Exercise :: Scan the material and copy out each line where the word "leaf" occurs.

Task material ::
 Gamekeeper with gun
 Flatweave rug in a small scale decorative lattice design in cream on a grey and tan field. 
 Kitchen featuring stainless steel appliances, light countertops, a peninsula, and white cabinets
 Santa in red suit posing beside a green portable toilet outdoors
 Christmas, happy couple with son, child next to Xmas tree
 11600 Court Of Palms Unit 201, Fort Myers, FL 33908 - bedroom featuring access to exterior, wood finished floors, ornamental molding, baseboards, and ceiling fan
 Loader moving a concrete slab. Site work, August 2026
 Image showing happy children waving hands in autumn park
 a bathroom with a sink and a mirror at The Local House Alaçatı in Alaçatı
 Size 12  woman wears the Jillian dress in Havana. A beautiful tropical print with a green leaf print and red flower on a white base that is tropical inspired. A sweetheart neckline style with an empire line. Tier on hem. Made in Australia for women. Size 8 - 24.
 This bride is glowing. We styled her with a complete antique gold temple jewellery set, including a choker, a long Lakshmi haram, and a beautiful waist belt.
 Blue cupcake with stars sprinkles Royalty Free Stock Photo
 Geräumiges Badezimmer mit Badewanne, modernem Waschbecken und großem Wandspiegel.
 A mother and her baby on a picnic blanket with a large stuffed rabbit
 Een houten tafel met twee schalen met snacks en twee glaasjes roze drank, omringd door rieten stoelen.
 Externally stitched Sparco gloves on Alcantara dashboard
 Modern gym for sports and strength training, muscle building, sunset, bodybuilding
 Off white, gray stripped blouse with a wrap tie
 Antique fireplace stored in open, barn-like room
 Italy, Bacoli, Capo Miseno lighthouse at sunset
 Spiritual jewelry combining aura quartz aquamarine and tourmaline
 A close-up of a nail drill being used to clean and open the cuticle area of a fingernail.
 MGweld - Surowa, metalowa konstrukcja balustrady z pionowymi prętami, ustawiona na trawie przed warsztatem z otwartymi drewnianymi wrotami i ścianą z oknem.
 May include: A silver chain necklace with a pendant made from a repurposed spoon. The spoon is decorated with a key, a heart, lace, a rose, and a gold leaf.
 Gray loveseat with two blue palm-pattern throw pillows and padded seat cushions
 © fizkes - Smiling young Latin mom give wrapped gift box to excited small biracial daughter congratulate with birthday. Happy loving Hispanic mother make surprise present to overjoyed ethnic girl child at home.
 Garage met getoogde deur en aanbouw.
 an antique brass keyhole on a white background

Expected output ::
 Size 12  woman wears the Jillian dress in Havana. A beautiful tropical print with a green leaf print and red flower on a white base that is tropical inspired. A sweetheart neckline style with an empire line. Tier on hem. Made in Australia for women. Size 8 - 24.
 May include: A silver chain necklace with a pendant made from a repurposed spoon. The spoon is decorated with a key, a heart, lace, a rose, and a gold leaf.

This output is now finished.